Rather than sticking our heads in the sand and hoping it’ll all just get better, let’s acknowledge the fact that it won’t on its own – because it hasn’t – and go about the complex work of trying to find a better way. I’m not saying capitalism’s all bad, but it certainly isn’t working for the majority in its current form. And yet the majority are working for it. Money will continue to talk if people don’t, but if we refuse to accept the injustices that trouble us, and push for a better way, something has to shift. Part of the reason I wanted to start Impolitikal is to address the tension between the extremes. I think the only way for change to happen is to address the confusing space, the mass of grey, between. I’m a middle class kid from New Zealand. On the one hand I’m not so wealthy I don’t know what it’s like to have to scramble for rent, on the other that’s largely a result of my choice to freelance, and to return to study. If I’m stuck I know I can ask my family and friends for help. Which I have done. A lot.
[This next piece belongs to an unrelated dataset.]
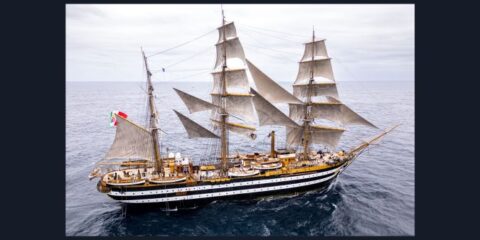 Nave Amerigo Vespucci torna a Napoli: quattro giorni di eventi imperdibili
I have the indulgence of choice. There are many, many people who don’t. I’ve wrestled with guilt around that since I was old enough to understand the imbalance, but it also felt disingenuous to shout out about it, when in reality ‘the system’ has done me ok. I think that’s where we get stuck though. Champagne socialism doesn’t happen because we want it to, I think many people just don’t know where to start, for all sorts of reasons. If you have money it’s easy to feel like your efforts to help are a bit patronising or even pointless – ‘doing our bit’ then going back to our comfortable lives. If you don’t have money, you don’t have the luxury of spare time to spend navelgazing. You just hustle. Not to mention that thinking about this stuff can be completely overwhelming, and uncomfortable, so we stop. It’s not often we push beyond the ‘this is fucked’ into ‘how can we actually change it?’ Because, if we’re honest, doing so will more than likely disrupt whatever stability we’ve managed to win in our own lives.

Anyway, I don’t think there are any easy solves or quick fixes, but I do think if we collectively chose to do all we could to address the breakdowns SOMETHING would have to come of it. The process of change is often hard and uncomfortable and involves trial and error, but getting to the other side is awesome and worth it. Normal is only normal because the generations that came before us made it that way, which means there’s plenty of room for its definition to change.

 

Sarah Illingworth is a freelance journalist and Editor at Impolitikal. Read more by Sarah. Find her on Twitter.

2 thoughts on “Ed Blog | Welcome to Impolitikal”

  1. Love your work Sarah. The depth of the work on here so far, and the varied topics are blowing me away. Thought provoking, and not in a buzzfeed kind of way 🙂 Looking forward to more as it rolls off the press.